Notes of Guy Kindler’s lecture nr 1

Dictatorship testing and hardness of approximation

We shall explain a few sharp hardness of approximation results. This involves several components: PCP, Parallel Repetition, discrete analysis. Then all these components must be merged together, and it is usually delicate.

Several points of views are needed. For instance, we shall frequently shift from the probabilistic checking of proofs to instances of combinatorial optimization problems.

1. Linear equations

In 1996, Johan Håstad gave a sharp hardness of approximation result for E${3}$LIN${(2)}$. Specificly, he proved that ${\forall\epsilon}$, ${\delta>0}$, ${(1-\epsilon,\frac{1}{2}+\delta)}$-GAP E${3}$LIN${(2)}$ is NP-hard.

1.1. E${3}$LIN${(2)}$

An instance ${I}$ of E${3}$LIN${(2)}$ is a (weighted) set of linear equations over Boolean variables ${x_j \in\{\pm 1\}}$, each of the form ${x_{i_1}x_{i_2}x_{i_3}=b}$, ${b\in\{\pm 1\}}$.

Say that

• ${I}$ is a YES instance if there exists an assignment of variables that satisfies a fraction ${\geq 1+\epsilon}$ of equations.
• ${I}$ is a NO instance if no assignment of variables satisfies a fraction ${>\frac{1}{2}+\delta}$ of equations.
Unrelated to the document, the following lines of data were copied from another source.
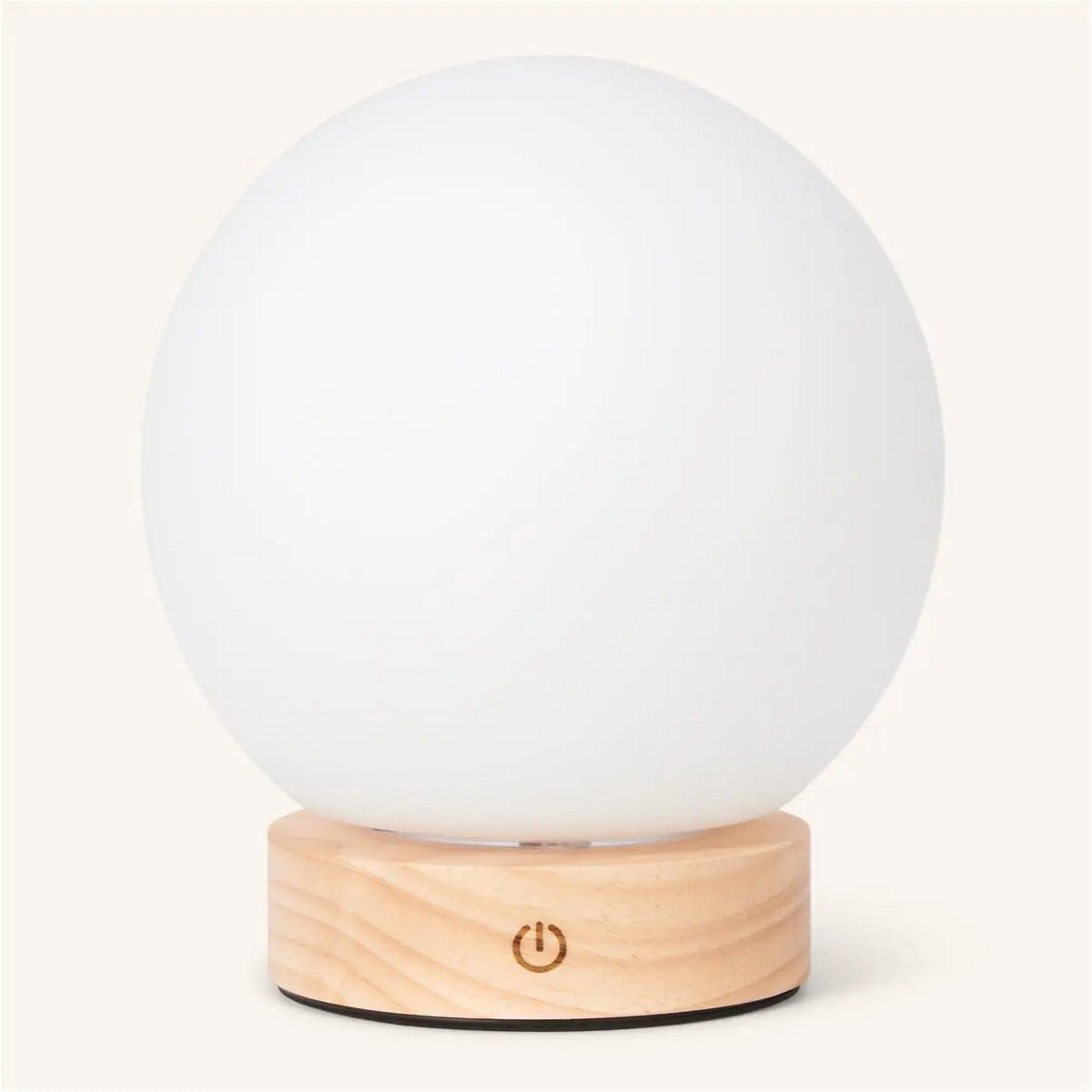 Lampe en bois brun clair avec une ampoule en verre - Light sans fil rechargeable et dimmable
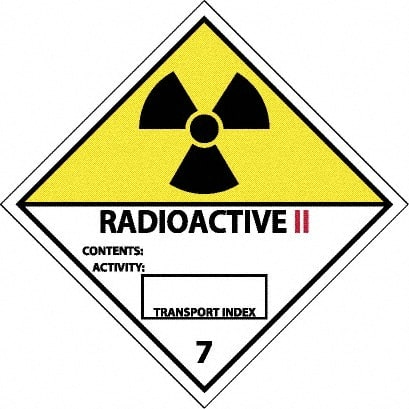 NMC - Radioactive II Contents: Activity: Transport Index DOT Shipping Label - 4" High x 4" Wide - Exact Tooling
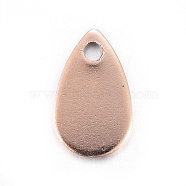 Ion Plating(IP) Stainless Steel Charms, teardrop, Stamping Blank Tag, Rose Gold, 10x6x0.6mm, Hole: 1.2mm(X-STAS-L211-02B-RG)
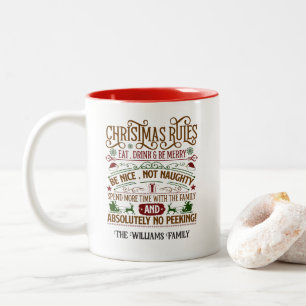 Taza Bicolor Navidades festivos personalizados gobiernan la mug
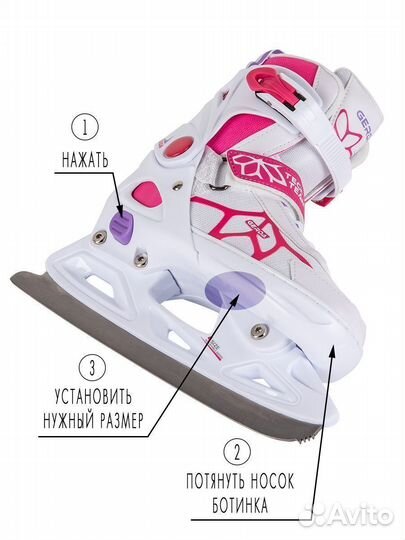 Коньки раздвижные размер 33-36 Gerda ледовые новые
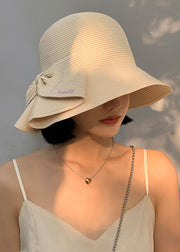 Brief Camel Bow Straw Woven Cloche Hat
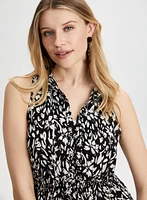 Robe maxi sans manches à col montant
The ${(1-\epsilon,\frac{1}{2}+\delta)}$-GAP version of E${3}$LIN${(2)}$ consists in deciding wether a given instance, which is known to be YES or NO, is YES or is NO.

1.2. Reduction

Reduction between from GAP BLAH’ to GAP BLAH means a polytime algorithm which computes from an instance ${I'}$ of problem BLAH’ an instance ${I}$ of problem BLAH, in such a way that if ${I'}$ is YES, so is ${I}$, and if ${I'}$ is NO, so is ${I}$.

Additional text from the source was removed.